Su juego era fuerte: aprovechar la conmoción para hacer lo que ni el padre de Bush ni el demócrata Clinton supieron o quisieron: demostrar que el final de la guerra fría había convertido a EE UU, no ya en la única superpotencia, sino en la hiperpotencia. La defensa de los intereses de EE UU, o mejor, de sus camarillas dominantes, sería en adelante la única ley internacional.

Siete años después, el resultado se conoce: EE UU ha declarado una guerra al terrorismo que le obliga a mantener abiertos dos frentes bélicos sin final a la vista: Irak y Afganistán. Las relaciones con sus viejos aliados se han deteriorado y su cotización en la Bolsa de simpatía global está por los suelos. Guantánamo, las torturas de Abu Ghraib y las cárceles secretas de la CIA no han contribuido a endulzar su imagen.

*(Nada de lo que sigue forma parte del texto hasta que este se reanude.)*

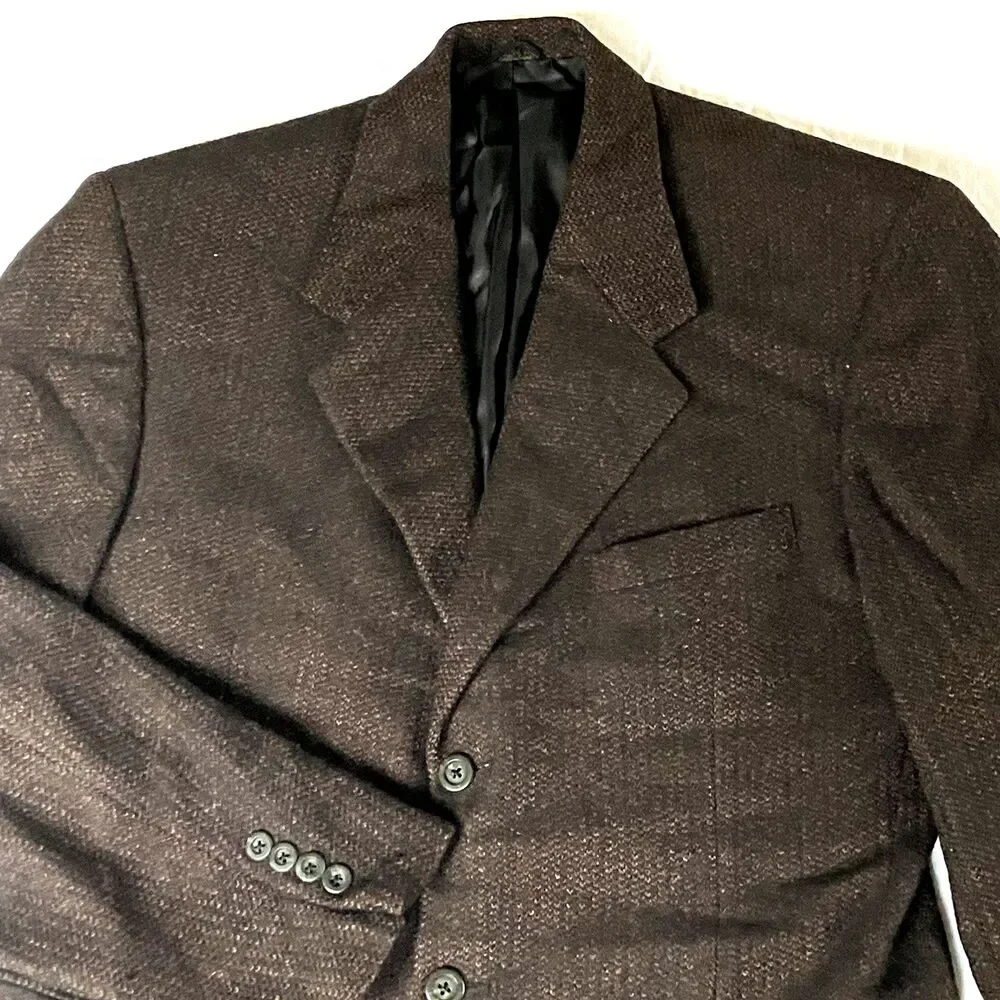 Tom James Vintage Tweed Sport Coat Donegal Wool Executive Col Brown Fleck 40 42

En el interior, las medidas de acompañamiento de la guerra antiterrorista -la ley Patriot y sus secuelas- no sólo han recortado las libertades civiles, sino que han llevado a Bush a intentar ejercer un modelo autocrático de presidencia, atropellando a los poderes legislativo y judicial. Su condición de comandante en jefe en época de guerra ha sido la justificación para una ofensiva autoritaria que sólo se ha visto moderada por alguna sentencia del Supremo y por la apabullante victoria demócrata en las legislativas de 2006.

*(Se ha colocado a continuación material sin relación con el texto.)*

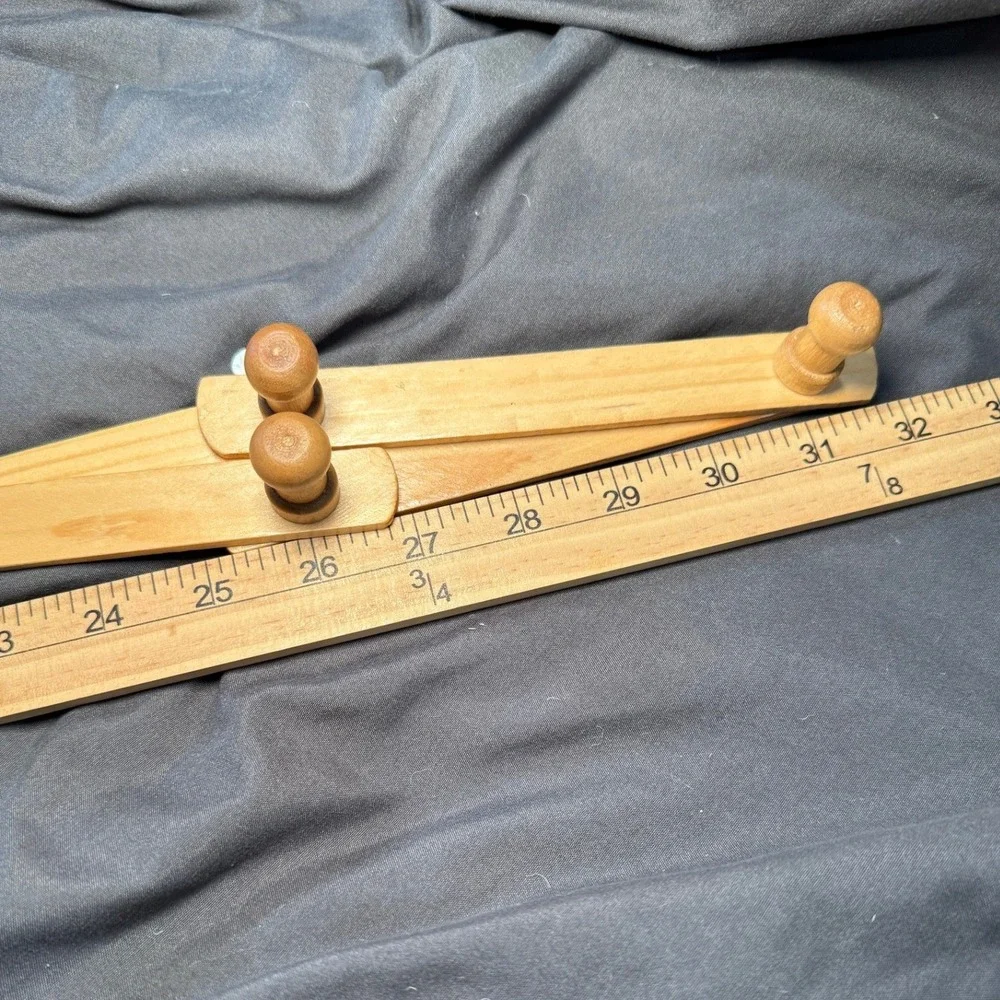 Vintage‎ Wooden Accordion Wall Rack Expandable 10 Peg Hook Hat Coat Cup Rack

Como resultado de estos errores y desmanes, Bush abandona la Casa Blanca con unos niveles de descrédito sin igual desde la presidencia de Hoover (1929-1933), el republicano que menospreció la Gran Depresión y abrió la puerta a cuatro victorias consecutivas del demócrata Roosevelt. Ayer mismo, las encuestas situaban el respaldo a Bush en el 25%.

Este fracaso en el plano político se ve acrecentado por los malos resultados económicos. Bush ha huido de cualquier gestión que no se basase en la desregularización, confiando en aquello de que el mercado funciona solo; pero la realidad, por más que la disfracen con homilías los ultraliberales, es tozuda y el mercado dejado a su albur genera fortunas, fraude y miseria.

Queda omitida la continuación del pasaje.